This apparent paradox highlights a major problem in Campbell’s rat research: the level of aflatoxin exposure plays a critical role in how protein affects cancer growth. When the aflatoxin dose is sky high, animals eating a low-protein diet don’t get cancer because their cells are too busy dying en masse, while animals eating a higher protein diet are still consuming enough dietary building blocks for the growth of cells—whether healthy or cancerous. When the aflatoxin dose is more moderate, animals eating a low-protein diet develop cancer while their higher-protein counterparts remain in mighty fine health.
In a nutshell, the animal protein fear-mongering in The China Study stems from wildly misconstrued science.
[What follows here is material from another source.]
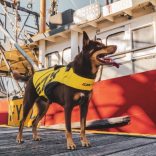 EzyDog DFD X2 Boost Mentőmellény S 56-65 cm Rózsaszín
What Campbell’s rat experiments really showed wasn’t that animal protein is a vengeful macronutrient of doom, but the following:
1. High-quality protein promotes cell growth no matter where it comes from;
2. Protein deficiency thwarts the liver’s ability to detoxify dangerous substances; and
3. With more realistic doses of aflatoxin, protein is actually tremendously protective against cancer, while protein-restricted diets prove harmful.
Did the Real China Study Show That Animal Foods Are Associated With Disease?
The China Study only devotes one chapter to its namesake study, but that doesn’t mean it’s not a doozy. Also known as the China-Cornell- Oxford Project, the China Study was an enormous epidemiological endeavor exploring diet and disease patterns in rural China—a project coined “the Prix of epidemiology” by the New York Times. Spanning sixty-five counties and collecting data on a whopping three hundred sixty-seven variables, it generated over eight thousand statistically significant correlations between nutrition, lifestyle factors and a variety of diseases.15
Although a project of such magnitude inevitably found some contradictory and non-causal links, Campbell asserts in his book that the data generally pointed in one direction: “People who ate the most animal-based foods got the most chronic disease,” and “People who ate the most plant-based foods were the healthiest and tended to avoid chronic disease.”16 Although—as echoes through the hearts of statisticians everywhere— correlation doesn’t equal causation, these associations in conjunction with Campbell’s other research are supposed to make a compelling case for animal foods being legitimately harmful.
But were the results of the China Study really a sparkling endorsement for plant-based eating?
It seems this conclusion is based, in large part, on unreliable blood variables rather than actual foods. In his book, Campbell states that he and his research team “found that one of the strongest predictors of Western diseases was blood cholesterol,”17 and proceeds to treat cholesterol as a proxy for animal food consumption. Throughout this chapter, we learn that the China Study data found associations between cholesterol and many cancers, as well as cholesterol and animal protein intake—implying that animal protein and those same cancers must themselves be intimately linked.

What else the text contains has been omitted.